You seem to imply that everything is fine in this absolutely chaotic situation. And for some strange reason you are pointing the blame to the HDD manufacturers. I don't agree with you, sorry. There are lots of manufacturers who have been clearly wrong and inconsistent. For example: - Floppy manufacturers who labelled floppies as 1.44 MB (mixing base-10 and base-2 in a really stupid way) - Optical disc manufacturers who switched unexpectedly from base-2 with CDs to base-10 with DVDs and Blurays - USB Flash drive manufacturers who have also switched from base-2 to base-10 labelling But HDD manufacturers have been coherent the whole time. They have kept the original SI definition since the very beginning!
Forcing "coherency" into a field that perfectly got along before has not improved the situation. "The proposal has seen little adoption by the computer industry, and the conventionally prefixed forms of "byte" continue to denote slightly different values depending on context." As evident by even the latest Windows not giving a s**t about MiB et al. Edit: Now get off my lawn
Ok, I agree with you on that. The situation has not improved, certainly now has degraded even more (especially with linux and Mac OS X adopting base-10, but Windows still keeping base-2) Given that we're now deep into some serious s**t and confusion, the only sane solution would be to screw traditions and start doing the correct thing from now on!
Maybe in 40 years when you've outgrown all generations who know different. And seriously, try saying Gibibyte out loud and not feel stupid. It just won't work.

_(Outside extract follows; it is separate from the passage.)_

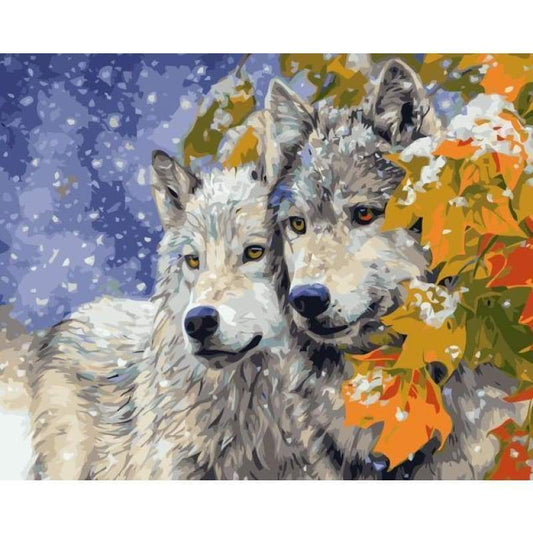 Wolf Diy Paint By Numbers Kits SY-4050-018 - NEEDLEWORK KITS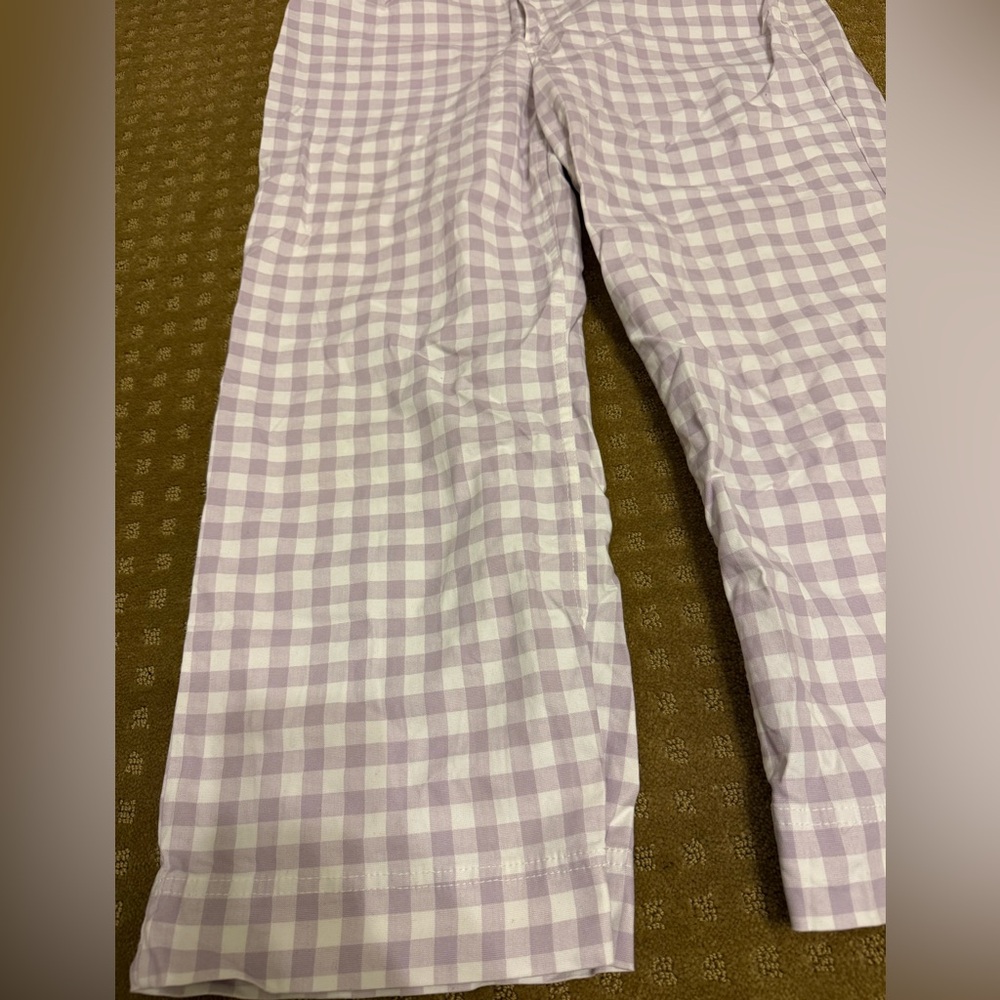 Old Navy Lavender Plaid Pants - Picture 2 of 6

It will probably take decades, but given the popularity of smartphones and tablets (a large percentage of which are using Linux or Mac OS, hence are using base-10) it's inevitable. Microsoft is no longer the dominant force in mobile computing. Sooner or later even the software behemoth will have to concede defeat and adopt base-10 units.
You people have got right off the deep end. The guy asked one simple question that none of you have answered. get a life and help the guy out or shut up. Stop turning everything into a debate on who is right or wrong or smarter or not. GIVE THE GUY AN ANSWER IF YOU CAN, not all the BS One thing I would like to know is, what is the difference between NTFS and exFAT
You need to convert your your HDD from MBR to GPT. However, you can't boot off that HDD unless your mobo BIOS support EUFI.
Not sure how the peep on page one did that working out but its miles out. The 3TB HDD will appear as 2.72GB in Windows. I had to use Western Digital's App to format my ext My Book to get the full capacity, using windows or DOS etc it was not even 500GB (cannot remember exact size) for some reason.
I dont have an answer to it. I came here because I have a 2.5TB drive that only lets me format 1.86TB the rest is unusable. So I am looking for an answer to it all so. Have tried exfat to setup the drive and it also does not let me have the whole drive. It gives me more of the drive but not all. I have a Samsung drive. There is no help on the Samsung site for it. I know some is set aside for drive system but not that much I would think. What I think is that to make the drive work faster it sets some of the drive aside for cach, but I could be wrong. but with you guys going on about things that dont matter or dont answer the question does not help anyone.
MBR (Master Boot Record) can only address 2^32 sectors. And because the Hard Drives usually have sectors with a size of 512 byte, the limit of MBR is 2199023255552 byte. So to use only 1 Partition with full 3 TB you have to choose GPT instead of MBR for the Partition Type. 3 TB MBR Partitions are only possible if the Hard drive is using sector size of 1KB or more, like external 3TB harddrives do. But operating systems like Windows XP arent support GPT Partition type (well, XP 64bit does), and also with OS like Windows 7 32bit you can access GPT Partitions, but to boot from an GPT partition u need to have an UEFI instead of normal BIOS.
What VelleX has said about GPT is correct. The main difference between exFAT and NTFS is security. You cannot set permissions on files or folders with exFAT. You'll need NTFS for that.